··· Data for this exercise ···

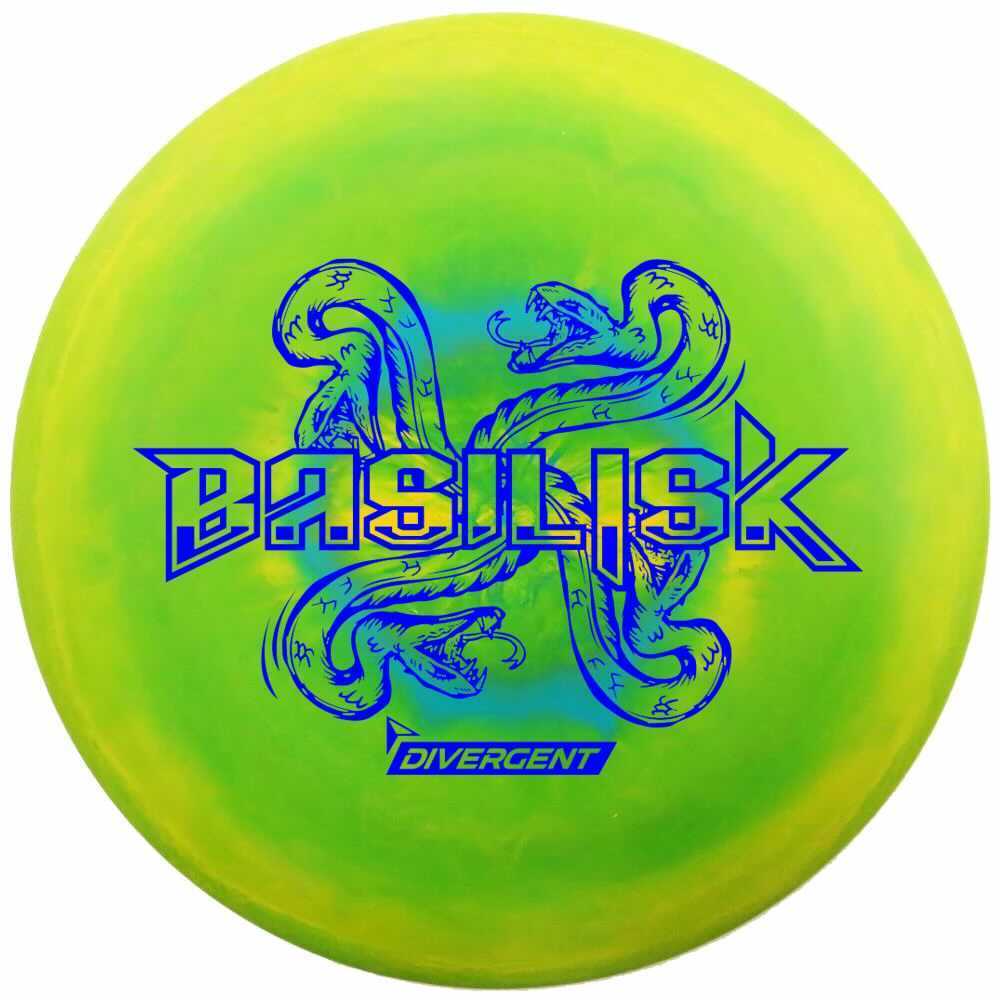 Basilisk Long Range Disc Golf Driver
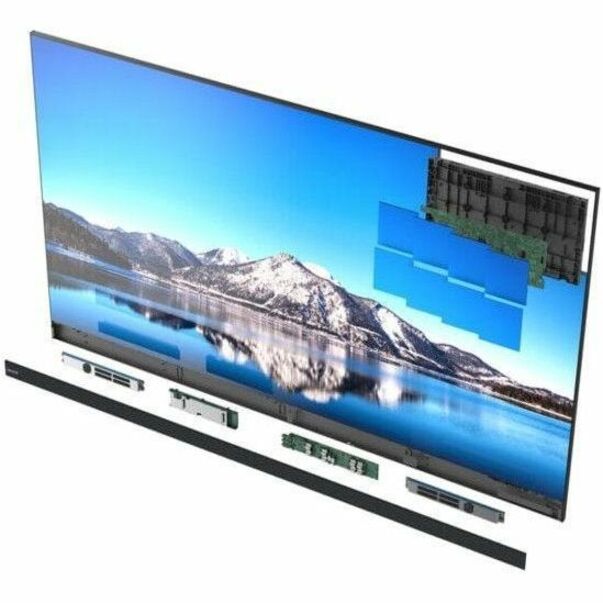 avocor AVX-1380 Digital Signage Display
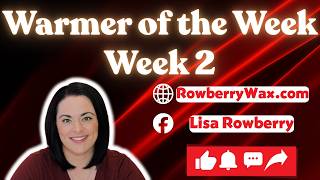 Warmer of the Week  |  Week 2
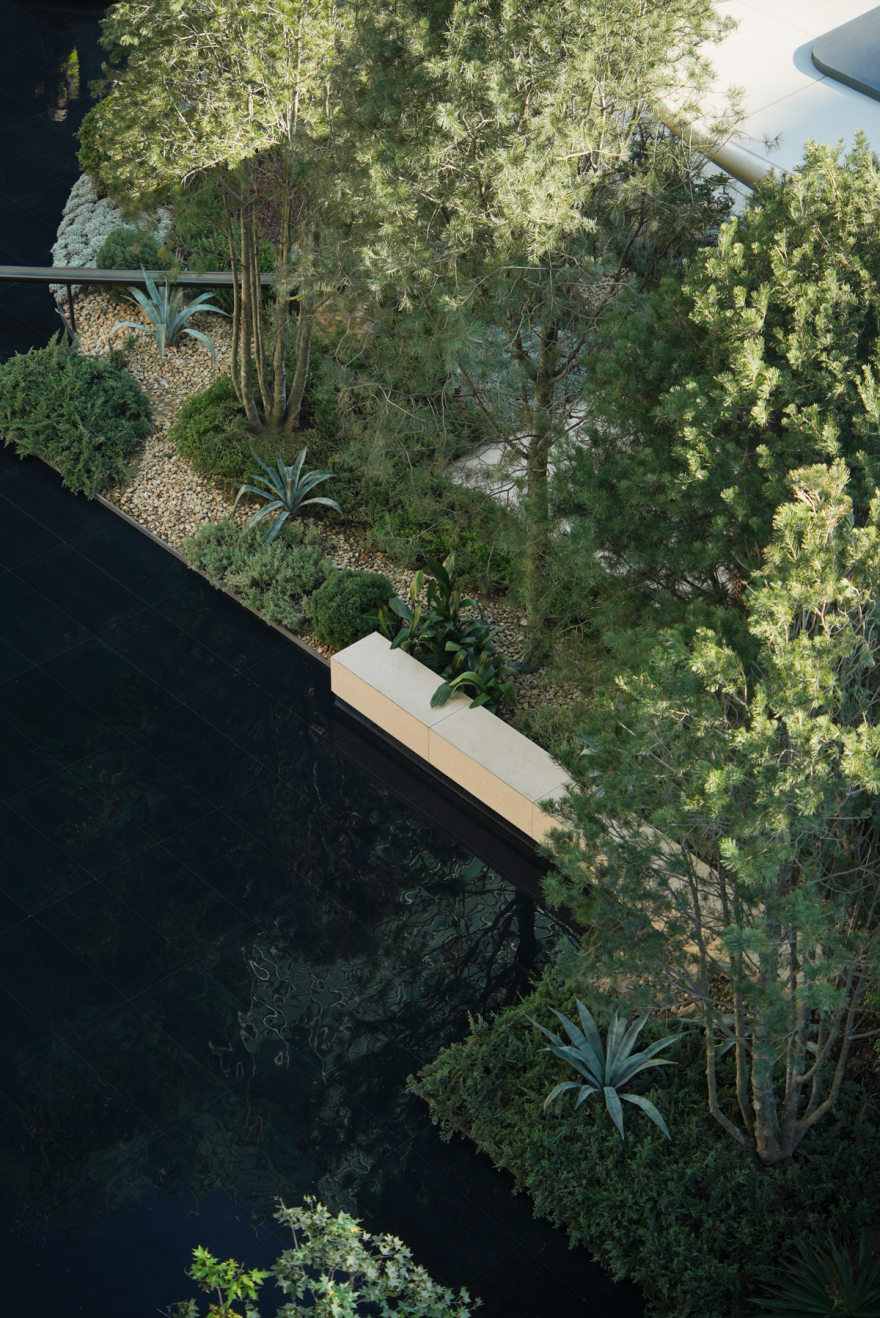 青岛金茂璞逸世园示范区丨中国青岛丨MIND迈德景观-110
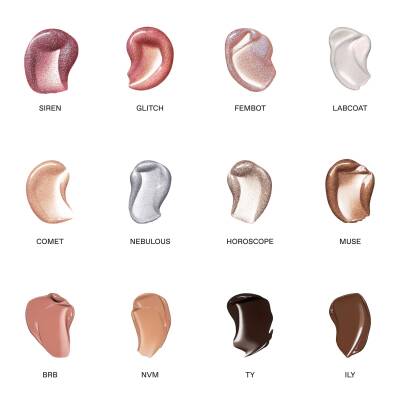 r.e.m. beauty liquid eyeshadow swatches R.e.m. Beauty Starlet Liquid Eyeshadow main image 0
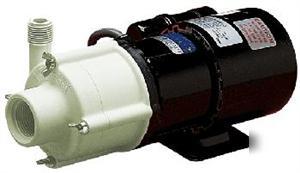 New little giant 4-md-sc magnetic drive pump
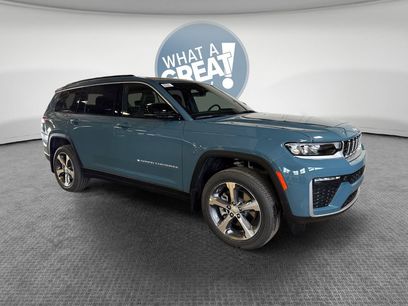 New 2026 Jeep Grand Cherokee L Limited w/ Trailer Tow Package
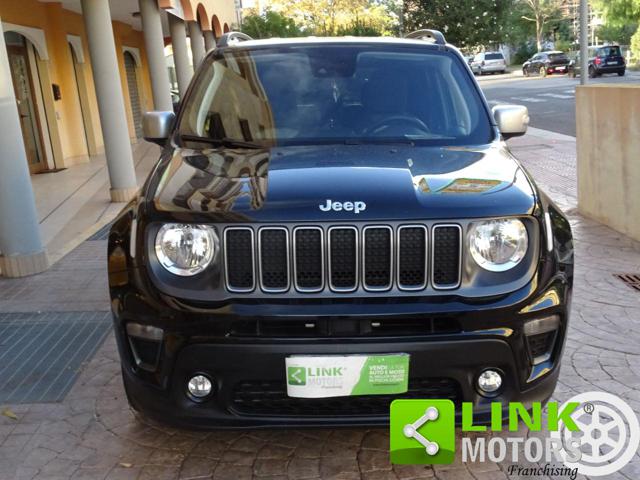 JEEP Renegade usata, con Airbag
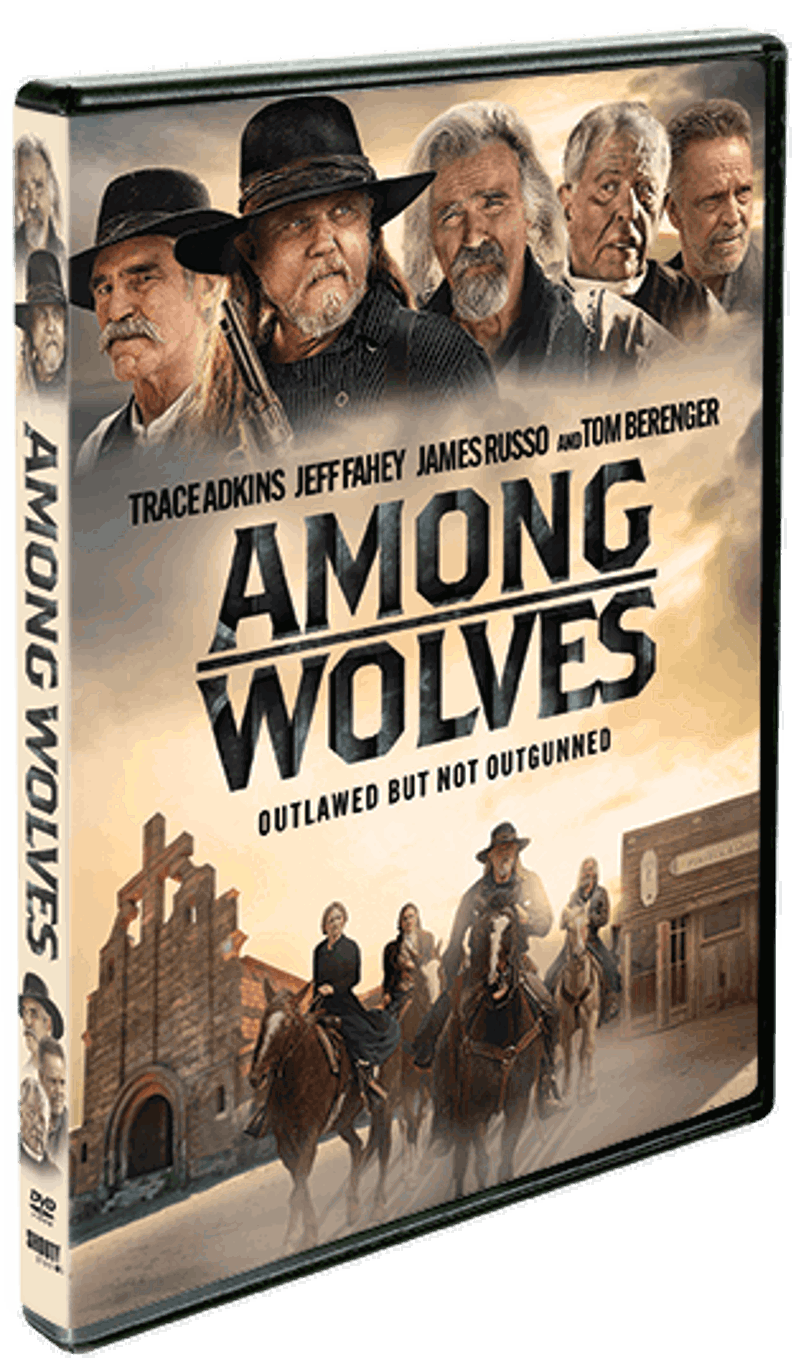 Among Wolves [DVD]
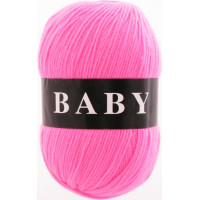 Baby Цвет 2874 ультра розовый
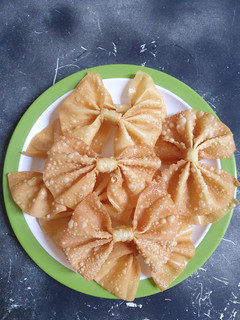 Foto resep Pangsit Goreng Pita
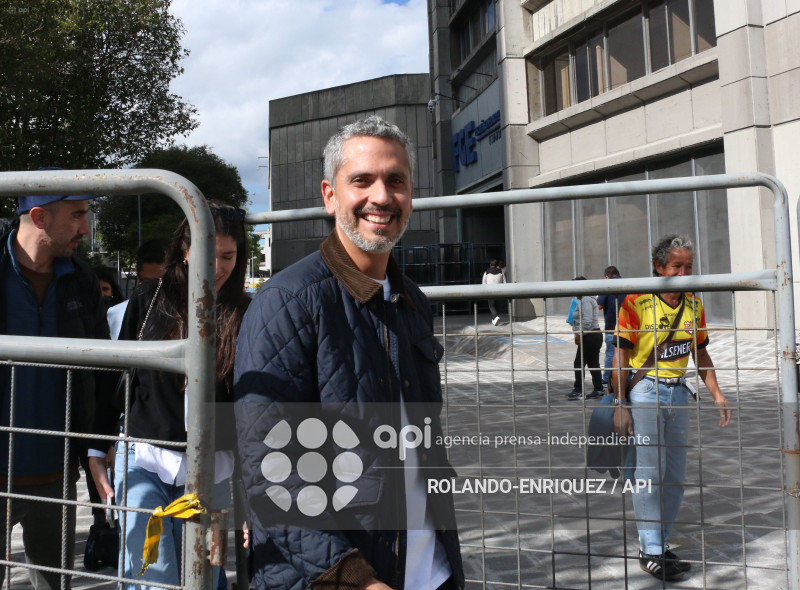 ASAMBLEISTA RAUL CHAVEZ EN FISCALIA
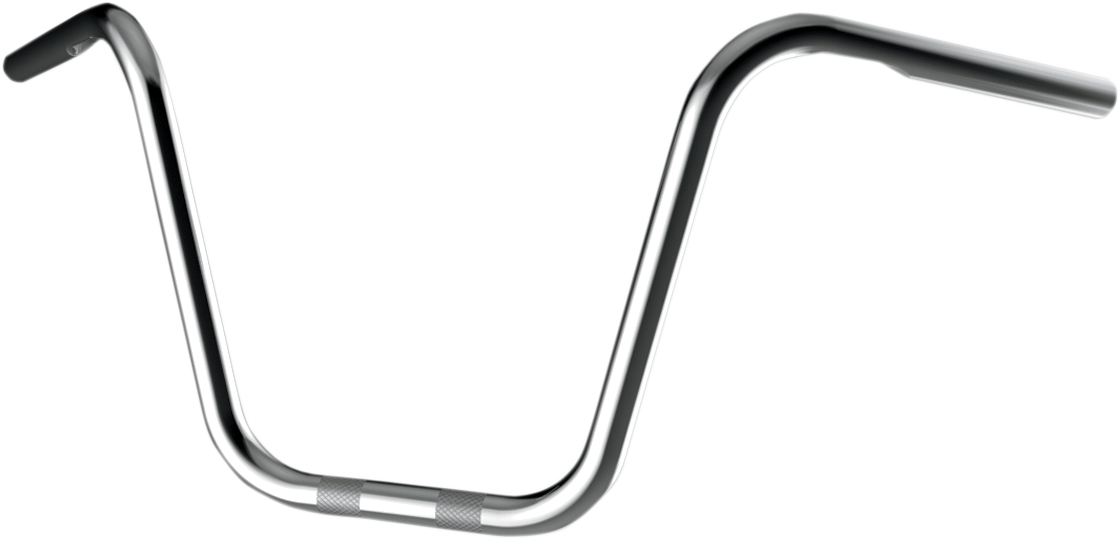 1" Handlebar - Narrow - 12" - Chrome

···

# Your objective
Leave the pictures aside and output each entry exactly as it stands.

# Answer for the task
 Basilisk Long Range Disc Golf Driver
 avocor AVX-1380 Digital Signage Display
 Warmer of the Week  |  Week 2
 青岛金茂璞逸世园示范区丨中国青岛丨MIND迈德景观-110
 r.e.m. beauty liquid eyeshadow swatches R.e.m. Beauty Starlet Liquid Eyeshadow main image 0
 New little giant 4-md-sc magnetic drive pump
 New 2026 Jeep Grand Cherokee L Limited w/ Trailer Tow Package
 JEEP Renegade usata, con Airbag
 Among Wolves [DVD]
 Baby Цвет 2874 ультра розовый
 Foto resep Pangsit Goreng Pita
 ASAMBLEISTA RAUL CHAVEZ EN FISCALIA
 1" Handlebar - Narrow - 12" - Chrome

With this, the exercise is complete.